[Start of section]

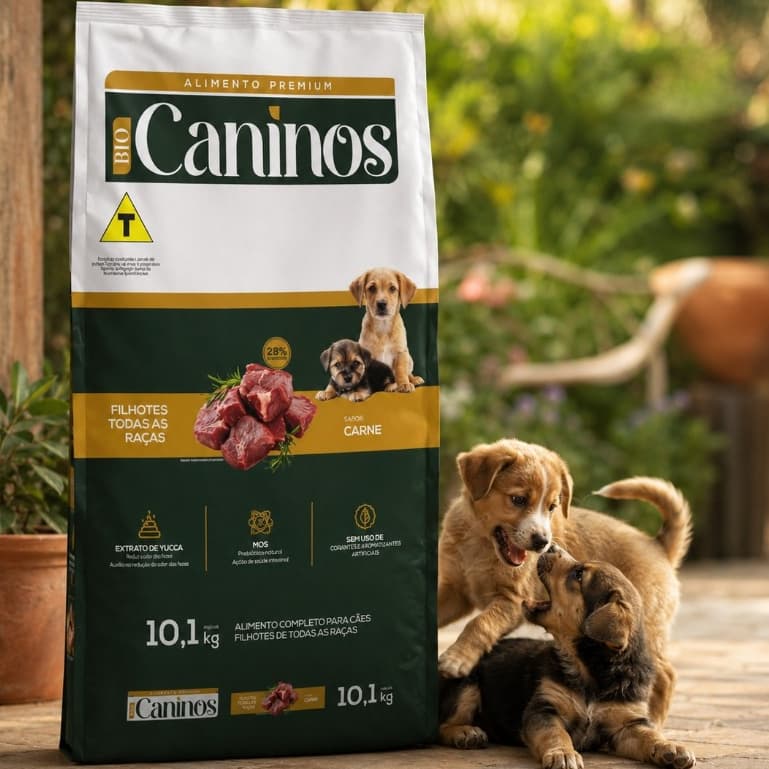 Ração Cachorro Filhote 10kg Caninos Premium Sabor Carne 28% Proteína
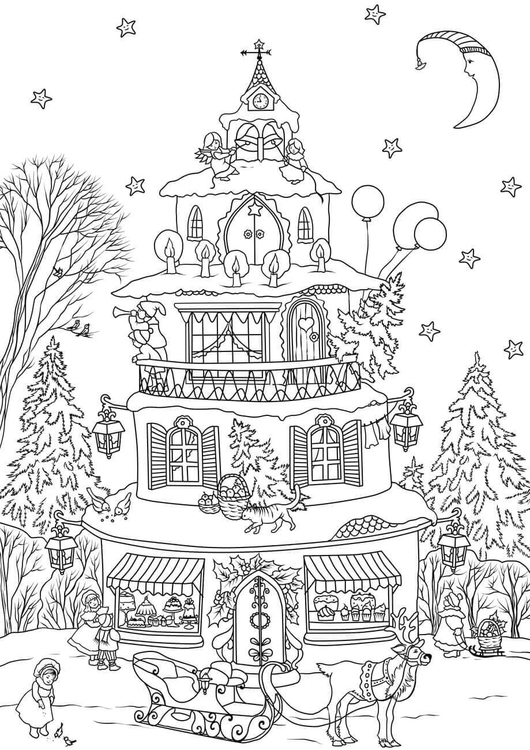 Kleurplaat huis van de Kerstman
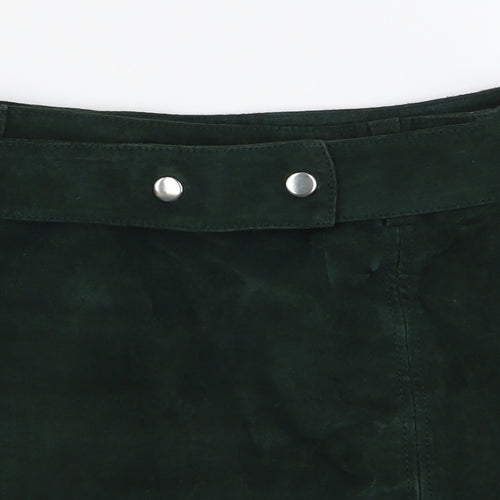 Zara Womens Green  Polyester A-Line Skirt Size XS   Zip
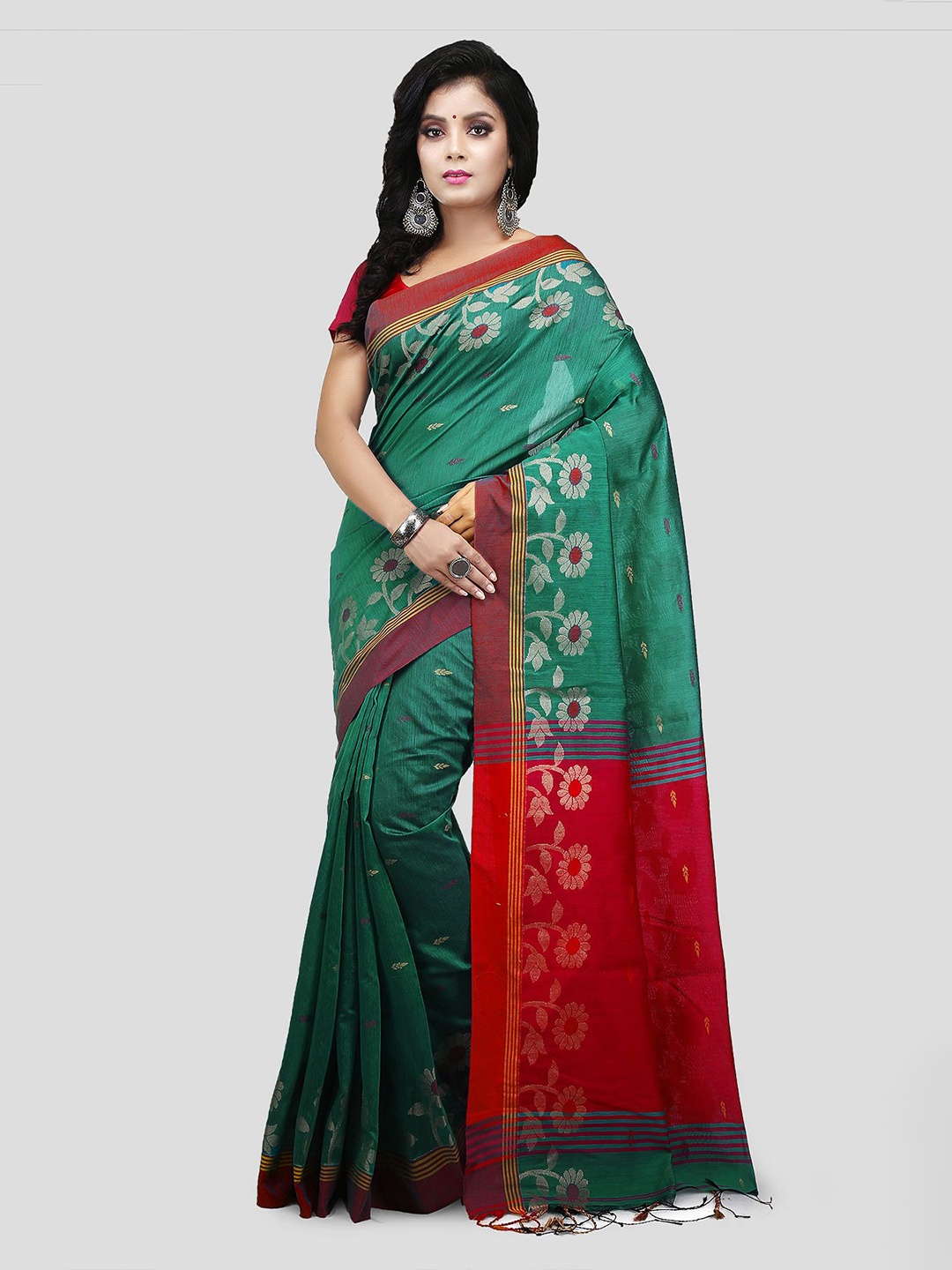 

Crochetin Woven Design Saree, Green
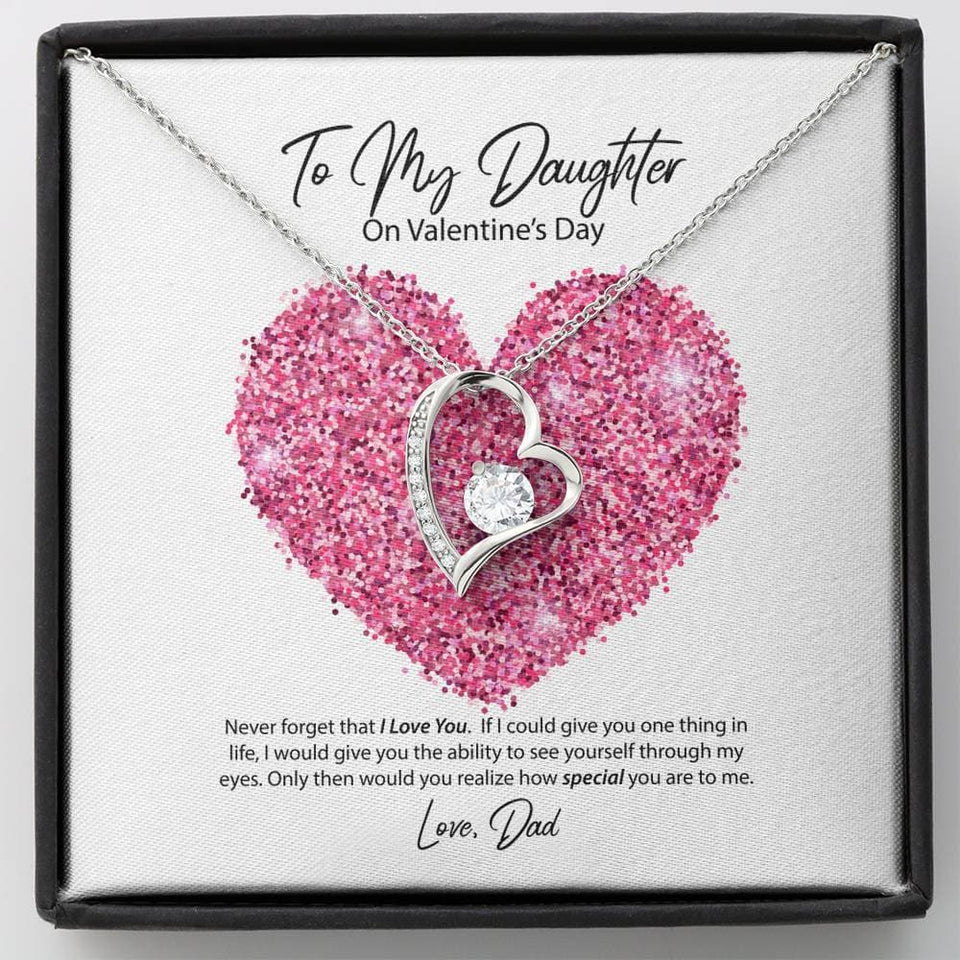 To My Daughter from Dad Valentine's Day Forever Love Necklace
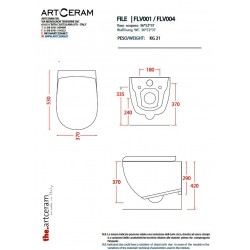 Artceram File 2.0 miska wc bezrantowa + deska wolnoopadająca Slim szybkowypinana rysunek techniczny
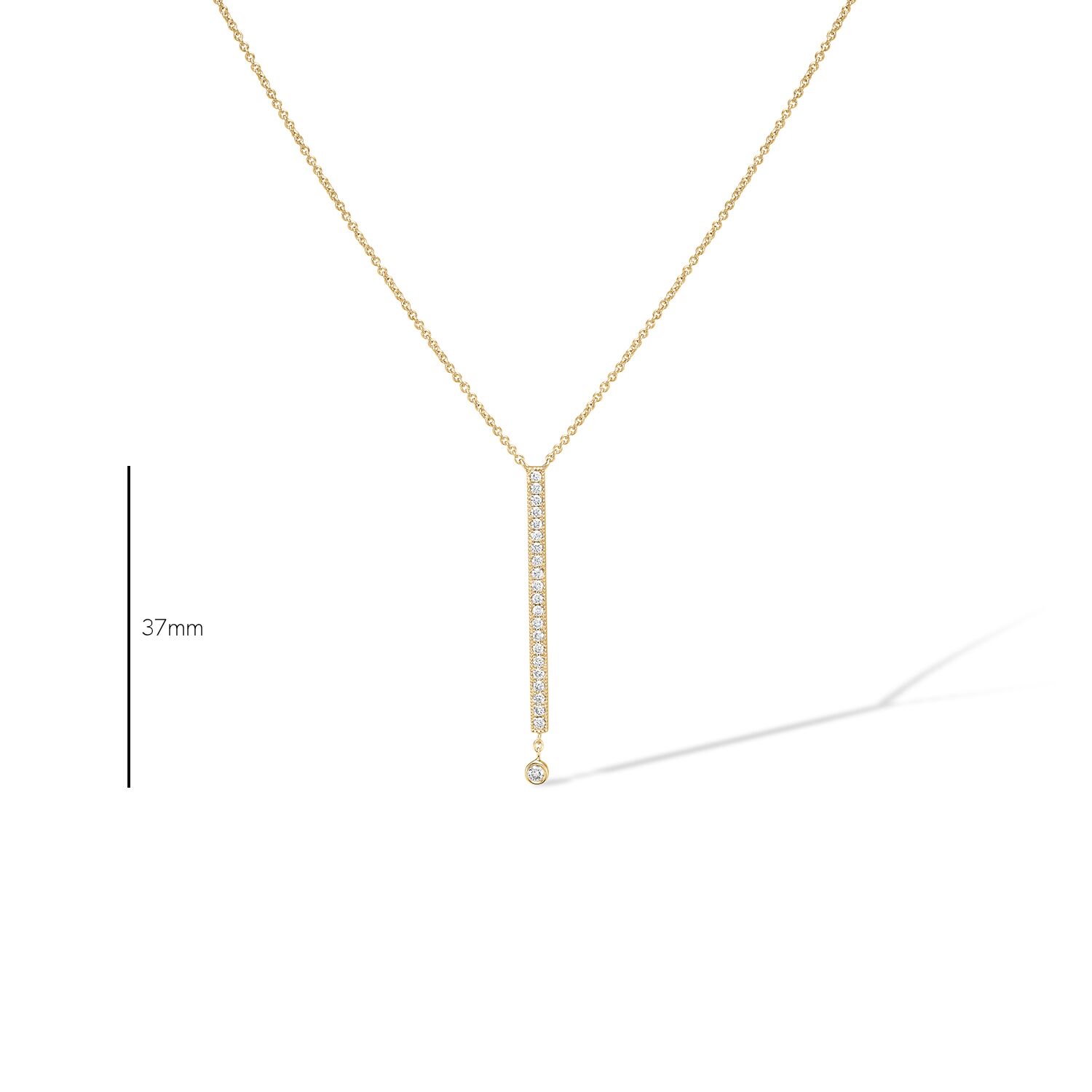 Collier On Line or jaune dimensions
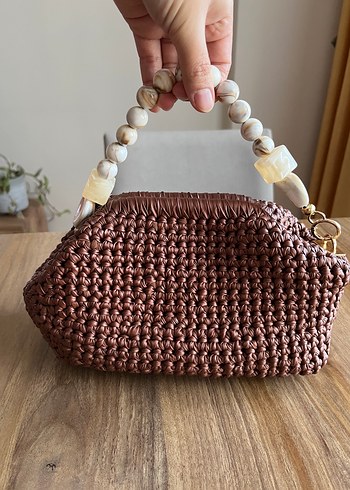 Deri ipten Örgü Kahverengi Kadın Çanta - Görsel 3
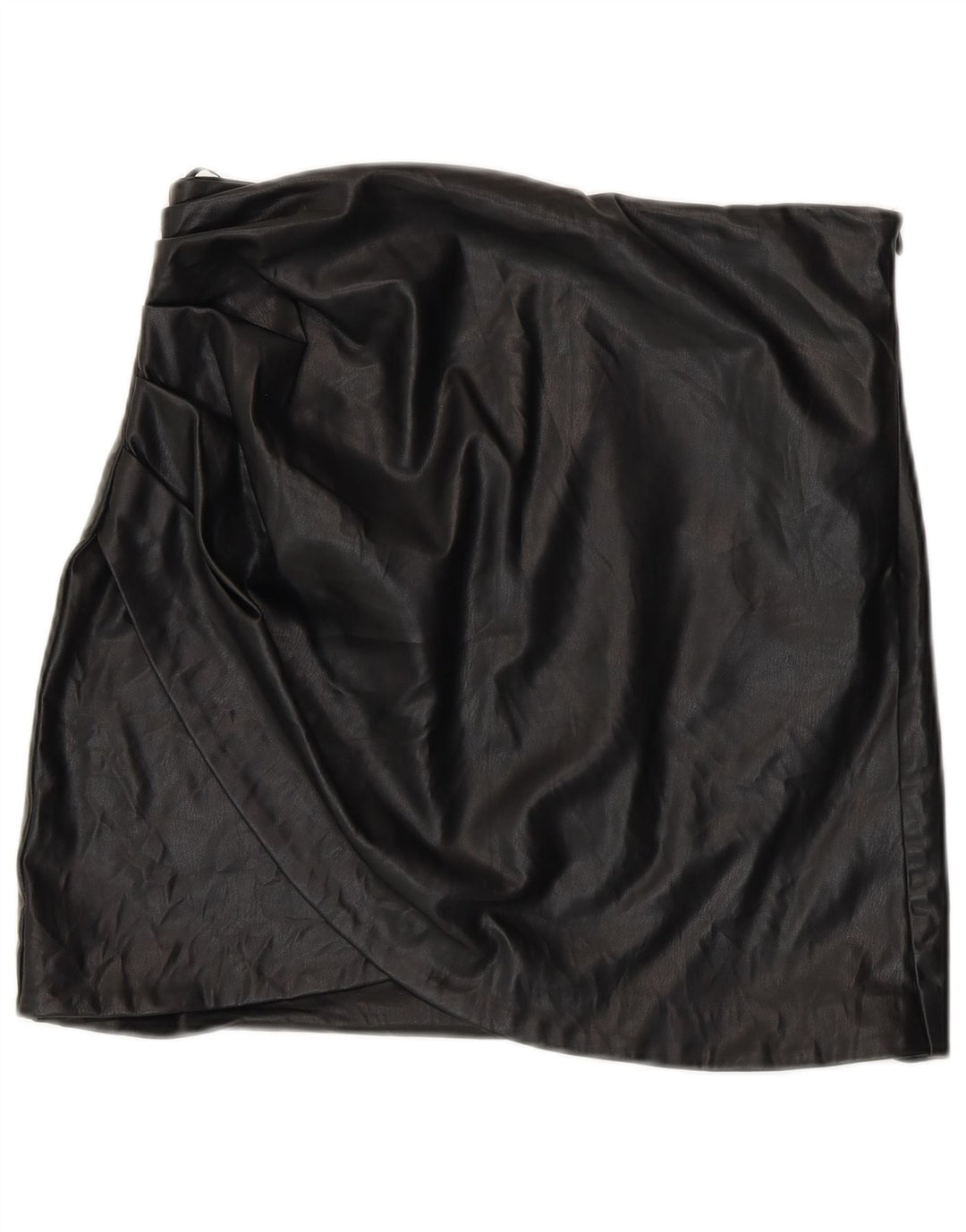 Zara mini saia feminina de couro sintético grande W30 poliuretano preto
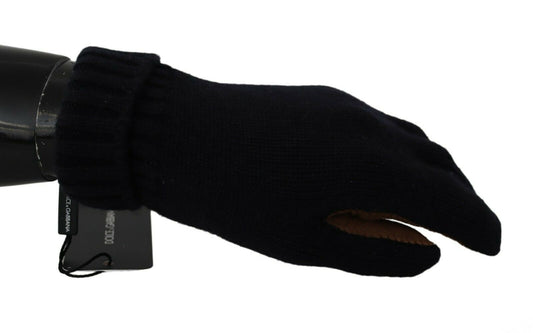 Elegant Black Cashmere & Leather Gloves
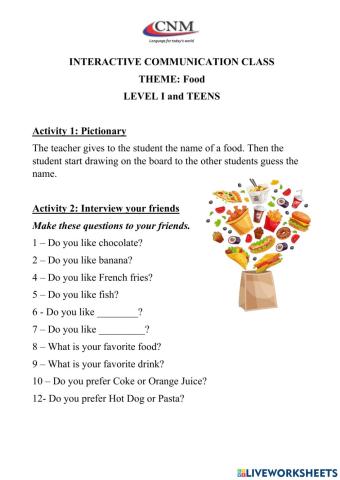 Communitive Activity - Food - Adults Level I and Teens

[End of section]

▶ **Description of the task**
Starting with the line that contains "Zara Womens Green", copy every line word for word through the end of the listing above, but leave out the pictures.

▶ **Result of the task**
 Zara Womens Green  Polyester A-Line Skirt Size XS   Zip

Crochetin Woven Design Saree, Green
 To My Daughter from Dad Valentine's Day Forever Love Necklace
 Artceram File 2.0 miska wc bezrantowa + deska wolnoopadająca Slim szybkowypinana rysunek techniczny
 Collier On Line or jaune dimensions
 Deri ipten Örgü Kahverengi Kadın Çanta - Görsel 3
 Zara mini saia feminina de couro sintético grande W30 poliuretano preto
 Elegant Black Cashmere & Leather Gloves
 Communitive Activity - Food - Adults Level I and Teens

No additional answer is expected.